Two and a half weeks later I walked out of Holy Cross Hospital. Three days after that I relief pitched three innings against Gaithersburg and I shut them down. Coach Manual said it was one of the most incredible things he had ever seen. Latter that summer we won two more baseball league championships. Somehow in August I survived summer camp and made the Miami University football team as a tight end and long snapper and claimed my scholarship. This is by no means a happily ever after as I went on to endure a lot of pain and suffer many fools. Or maybe it was I suffered a lot of pain and endured the fools, but either way I think I finally get it now. The fool is the one who thinks he knows it all. The one who shares his opinions so confidently. The guy who knows all the answers. The expert. The guy who knows best.

I've been that guy. I am that guy.

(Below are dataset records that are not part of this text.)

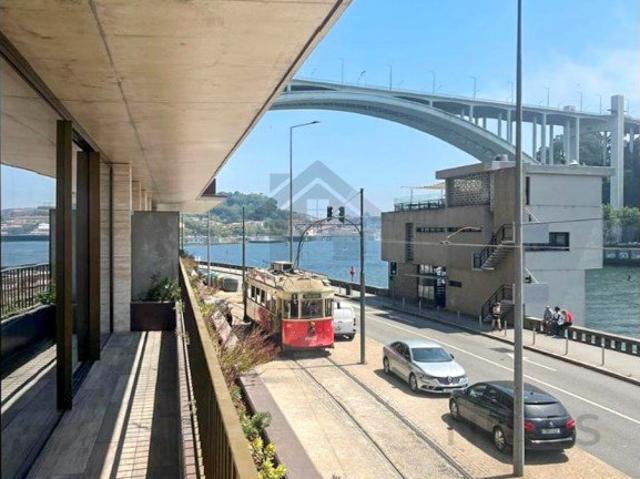 Apartamento venda em Porto, Lordelo Do Ouro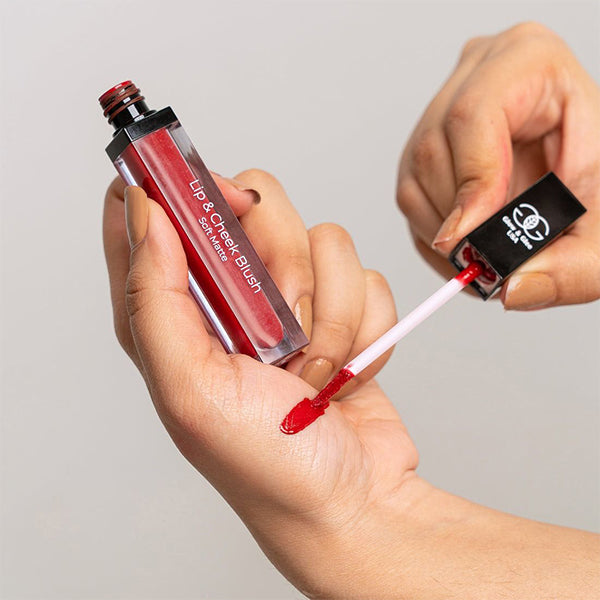 Glow & Glee Lip & Cheek Blush Soft Matte 302 Love Kiss 8Ml - Well Pakistan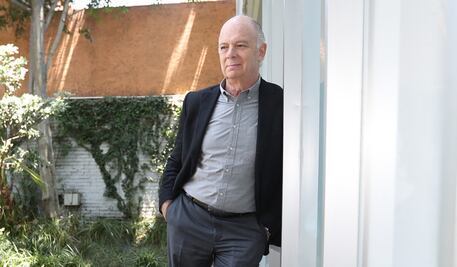 Enrique Krauze llama a los jóvenes a votar con conciencia, a través de un mensaje en redes sociales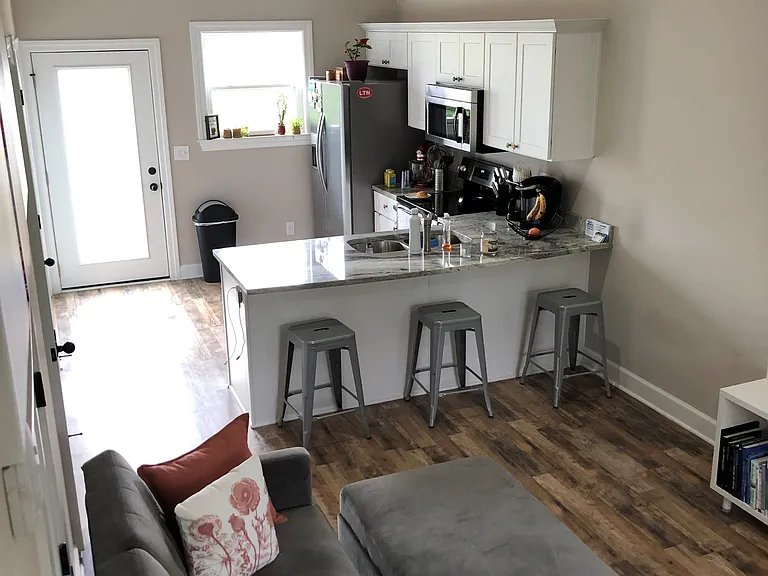 1020 40th Ave N #103 — Photo 1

But I see it now. I guess what's been rattling around in my head has been more like, "Sometimes you have to endure the pain and suffer yourself!" Maybe now I'll be able to move past this and not just endure the pain, but determine it's root cause and actually make it go away. Maybe I can quit suffering this fool and teach him how to be someone I actually want to hang out with. Maybe If I want it bad enough I can make it happen. 

Thanks DDD. Happy Farhers Day. Miss you.

Tuesday, June 6, 2017

Their Dad

Why am I here? My why sometimes makes me cry. Took me a while to figure this one out. For me the simple things usually do. My why. The Who I am. I am their dad. 

Knowing this obvious fact is different than being who this person should be. Committing to being a good dad, wanting to be a great dad, trying to be the man my children deserve changes everything. To be this man there are a few things I should do. There are some things I will do.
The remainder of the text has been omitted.